На Неве были разведены мосты. Сумрак, в домах огни, на улицах фонари не зажжены. На правом берегу Невы, в большом, неуклюжем оперном театре на Кронверкском проспекте, допевал оперу «Демон» Шаляпин.
Билеты были проданы. Шаляпин допевал, и публика сидела.
Шел «Демон».
В Петербурге отряды, в Петербурге костры, по улицам ходит Маяковский. Он тогда много ходил по улицам, спорил, митинговал в маленьких, подвижных, легко рассыпающихся, непрерывных митингах.
У костра он встретил Александра Блока в форме военного чиновника. Может быть, в эту ночь без погон.
Блок в то время много ходил по улицам, заходил в кино.
Кино тогда звалось «синематограф». В маленьких, душных залах пели куплетисты.
На большой пустой Неве стояла «Аврора», подведя пушки почти к виску Зимнего дворца. Весь город готов был к отплытию, и только Демон на Петроградской стороне пел, не двигаясь.
Они ходили, два поэта, по улицам, говоря о революции, о самом главном для поэта.
Блока я видел с Маяковским потом еще несколько раз.
Александр Блок был высок ростом, голубоглаз, светловолос. Он говорил всегда тихим и спокойным голосом.
Он читал стихи так, как будто видел их перед собою написанными, но не очень крупно, читал внимательно.
Блок в революции нашел новый голос.
Ветер революции, прорываясь через поэта, гудит им, как мостом. Он проходит сквозь него, как дыхание через губы.
Блок написал «Двенадцать», и когда его спрашивали про Христа, который идет впереди красногвардейцев, он говорил тихим голосом:
– Я вглядываюсь и вижу – действительно так.
«Двенадцать» Блок никогда не читал. Он не мог поднять ее, не мог повторить ее.
Он работал в театре, потом читал чужие пьесы, ставил «Лира». Когда-то в деревне, перед крестьянами, с женой он играл «Гамлета», и в зале очень смеялись.
Матросы смеялись, когда Отелло душил Дездемону, не потому, что они не понимали ревности Отелло, а потому, что они смехом обозначали, что понимают условность сцены, смехом они как будто защищались от ужаса.
Это было время, когда в театре зрители спрашивали, удастся ли Хлестакову благополучно убежать от городничего.

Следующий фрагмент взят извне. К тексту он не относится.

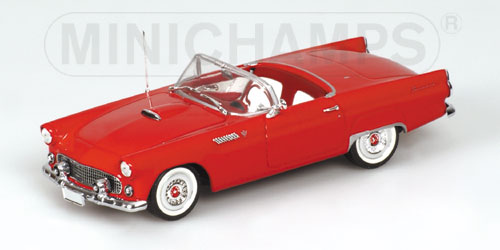 FORD THUNDERBIRD – 1955 – RED 1:43 model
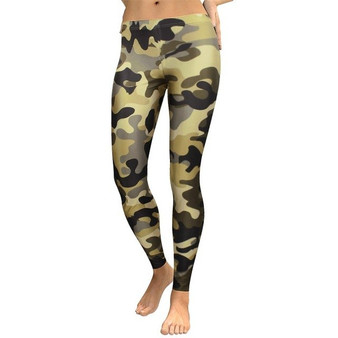 Camouflage Fitness Leggings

На шиллеровских «Разбойниках» на слова разбойника: «Пули – наша амнистия» – начиналась овация зала.
Блок видел, слышал новую музыку времени, он отделился от своих друзей; он говорил: «К сожалению, большинство человечества – правые эсеры». Он отделился от знакомого ему человечества уже тогда, когда шел с человеком Маяковским.
Маяковский читал «Мистерию-Буфф».
Блок сказал:
– Мы были очень талантливы, но мы не гении. Вот вы отменяете нас. Я это понимаю, но я не рад. И потом мне жалко, что у вас рифмуется «булкою» и «булькая». Мне жалко и вас и себя, что мы радуемся булке.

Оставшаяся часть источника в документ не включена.